Well when i went to buy the car from bristol trade centre, i noticed a few dents, the guy said it will all be sorted when i come to pick it up....when i did go to pick it up some cowboy must have worked on it as he must have used a buffing wheel when finished and burnt into the paintwork with it...so there is all swurls everywhere and the dents are still visible. So was annoyed with the work so they said bring it back and we will take it to another garage and get it done. So i hope to get it back tomorrow now....its just a pain that i have to drive to bristol and back all the time, its worth it though i guess.


----------



## mattyR

oO TTLee Oo said:


> Man this is getting rather freaky! i live next door to your mum..
> you've had your car parked there a few times on the garage driveway. And i allways wished i had one by looking at yours so in a way its down to you that i now own one....so thanks mate. :lol:
> 
> Have you just bought a new front grill on your TT?
> 
> Well when i went to buy the car from bristol trade centre, i noticed a few dents, the guy said it will all be sorted when i come to pick it up....when i did go to pick it up some cowboy must have worked on it as he must have used a buffing wheel when finished and burnt into the paintwork with it...so there is all swurls everywhere and the dents are still visible. So was annoyed with the work so they said bring it back and we will take it to another garage and get it done. So i hope to get it back tomorrow now....its just a pain that i have to drive to bristol and back all the time, its worth it though i guess.

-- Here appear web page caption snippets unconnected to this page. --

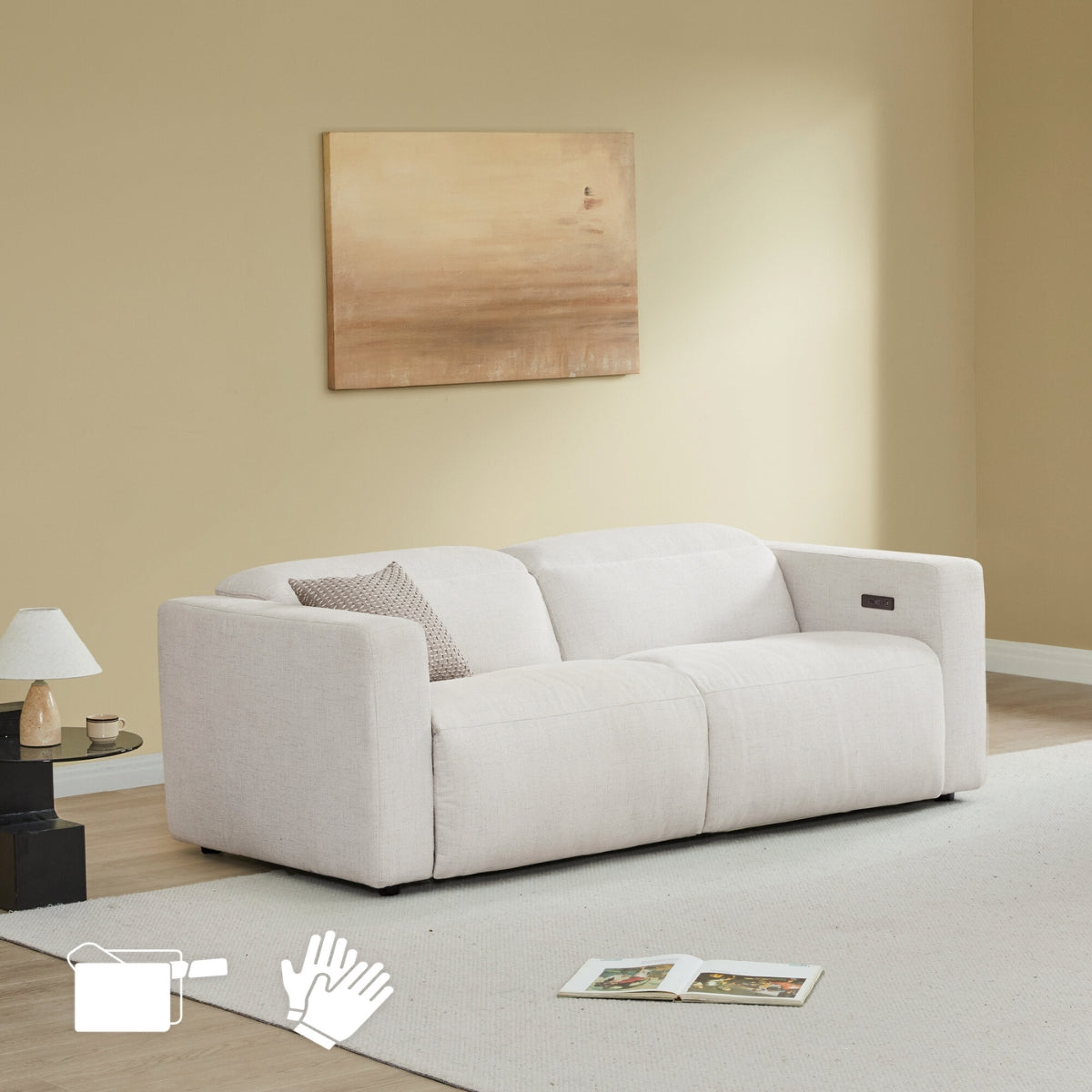 Oliver 2-Seat Wall-hugger Reclining Sectional Sofa with Power Headrest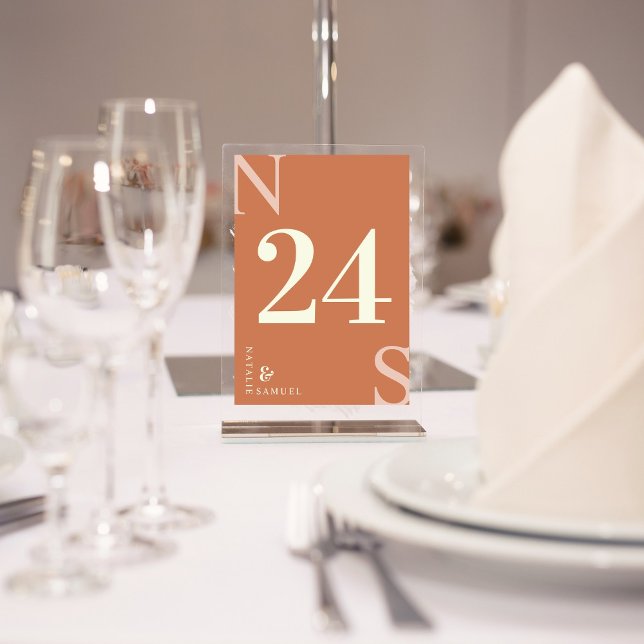 Peach Minimalist & Elegant Bold Initials Table Number (Creator Uploaded)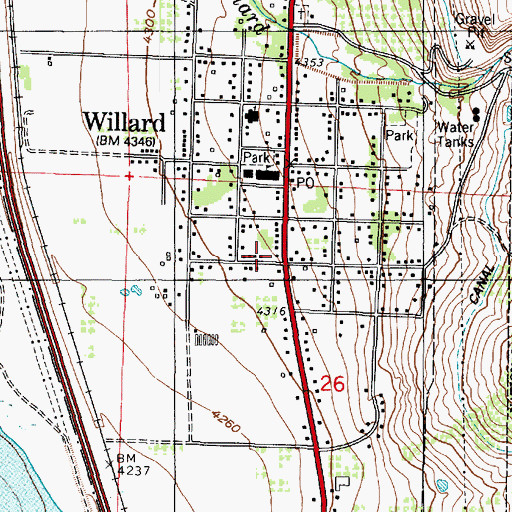 Topographic Map of Willard Post Office, UT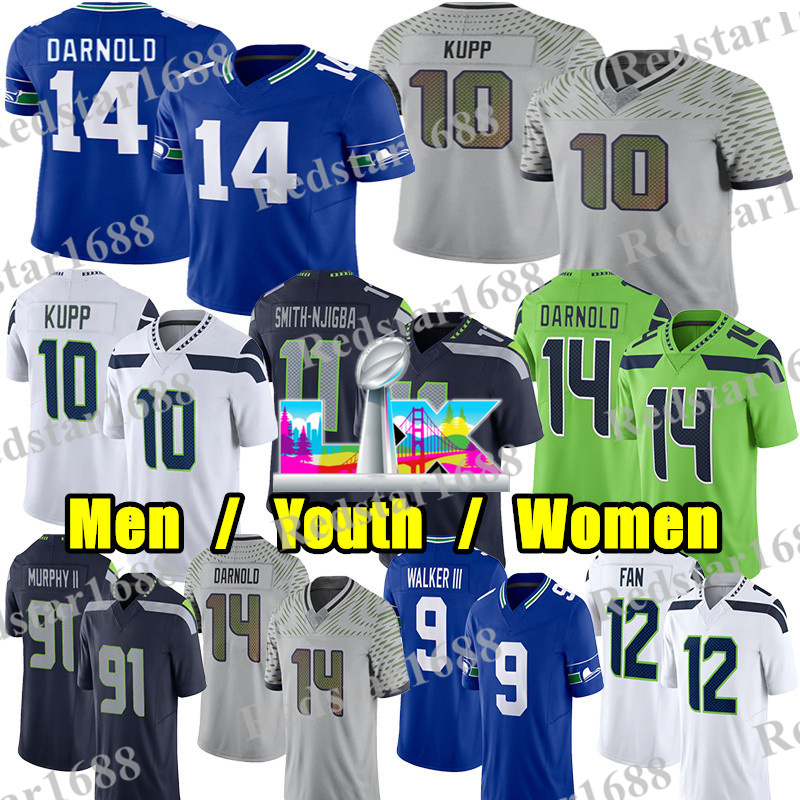 #10 Cooper Kupp Football Jersey #14 Sam Darnold Jaxon Smith-Njigba Kenneth Walker III Devon Witherspoon Demarcus Lawrence Byron Murphy II Grey Zabel Rivalries jerseys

That is mad!!! So do you live just behind my mother?

yeah I used to leave my car down there when I went away,,,it was safer on their drive than on the road outside my house. Got my own garage now though.

I fitted an ABT grille along with a V6 bumper around xmas time...makes the front much nicer!!

Hope they get that paint sorted for you mate....guy up in Blaencwm painted my front....good job too...if you ever need paintwork!!

If you see my car there knock the door and we'll have a chat!!


----------



## oO TTLee Oo

Mad indeed.

Yeah just behind.

My mate saw you about and said your front end looks nice. (that sounds rather gay)
Thats good then i now know who can give me a hand fitting my new ABT grille along with a V6 bumper 

thanks mate i hope they do a good job 2. Will take some pics soon as and let you know.



> If you see my car there knock the door and we'll have a chat!!


Ok yeah will do.


----------



## mattyR

oO TTLee Oo said:


> Mad indeed.
> 
> Yeah just behind.
> 
> My mate saw you about and said your front end looks nice. (that sounds rather gay)
> Thats good then i now know who can give me a hand fitting my new ABT grille along with a V6 bumper
> 
> thanks mate i hope they do a good job 2. Will take some pics soon as and let you know.
> 
> 
> 
> 
> If you see my car there knock the door and we'll have a chat!!
> 
> 
> 
> Ok yeah will do.
Click to expand...

better than saying my backend looks nice....that is gay!!

Just spoke to my mother and my old man has seen you about and said "wonder if he's on that internet thing that Matthew goes on"!!!!

catch you soon Lee

Matt


----------



## oO TTLee Oo

> better than saying my backend looks nice....that is gay!!


true that.



> Just spoke to my mother and my old man has seen you about and said "wonder if he's on that internet thing that Matthew goes on"!!!!


haha brilliant

have a good weekend Matt

Lee


----------



## conlechi

Hi Lee,
good to see we have another local amongst us 8)

i will add you to my list of contacts and let you know when i arrange another local meet 

Mark


----------